In awake humans, acute intermittent hypoxaemia (IH) causes a sustained increase in ventilation upon reoxygenation, known as ventilatory long‐term facilitation (vLTF), but only if combined with mild hypercapnia. It is not known if mild hypercapnia also unmasks vLTF following continuous hypoxia (CH). Carotid chemoreceptor (CC) sensitisation has been proposed as a mechanism for vLTF. We hypothesised that silencing the CC with 100% O2 would transiently abolish vLTF.12 males undertook 3 trials. Mild hypercapnia was maintained in all trials and one minute exposures to 100% O2 occurred at baseline and recovery.
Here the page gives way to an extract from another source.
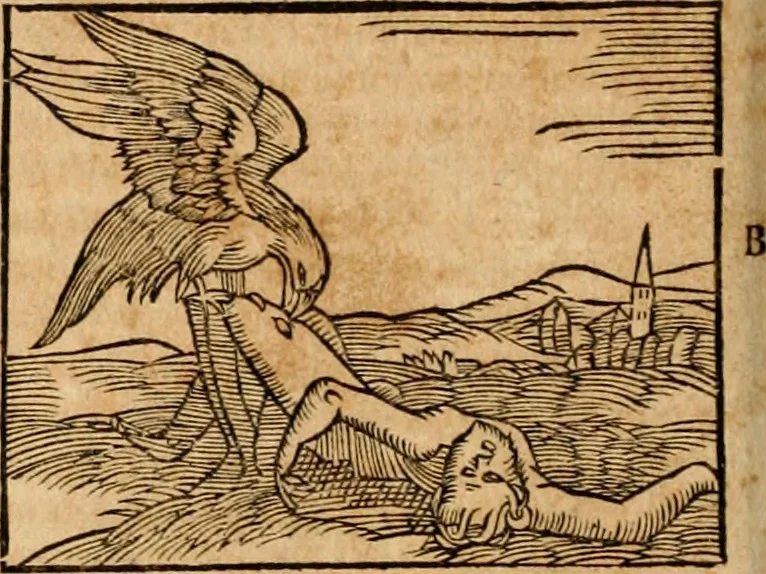 An illustration from Ioannis Pierii Valeriani Bellvnensis Hieroglyphica, sive, De sacris Ægyptiorvm aliarumq gentium literis commentariorum libri LVIII : cum duobus alijs ab eruditissimo viro annexis : accesserunt loco auctarij, Hieroglyphicorum collectanea, ex veteribus & recentioribus auctoribus descripta, & in sex libros digesta : Horapollinis item hieroglyphicorum libri duo, ex postrema Dauidis Hschelij correctione : prætereà eiusdem Pierij declamatiuncula pro barbis sacerdotum, & reliqua opuscula siue poemata omnia, 1614, leaf 283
Trials differed only in their hypoxic exposure; Trial 1‐Acute IH, Trial 2‐Acute CH, Trial 3‐Euoxia. Ventilation in Trial 1 and 2 increased from baseline to recovery (T1: 20.1 ± 1.1 vs. 25.1 ± 1.6, T2: 20.0 ± 1.2 vs. 25.1 ± 1.4 L/min).Ventilation also increased in Trial 3 but to a lesser extent (19.8 ± 1.17 vs. 22.4 ± 1.84 L/min). Ventilation during 100% O2 increased from baseline to recovery in all trials (T1: 17.1 ± 1.2 vs. 21.8 ± 1.6, T2: 18.0 ± 1.5 vs. 22.5 ± 1.5, T3: 17.6 ± 1.4 vs. 20.2 ± 2.1).In awake humans, during mild hypercapnia, CH induces a similar magnitude of vLTF as IH. However, a gradual positive drift in ventilation to mild hypercapnia accounts for ~50% of the vLTF. Silencing of the CC with 100% O2 exposure does not transiently abolish vLTF following acute IH or CH, suggesting CC sensitisation may not mediate vLTF.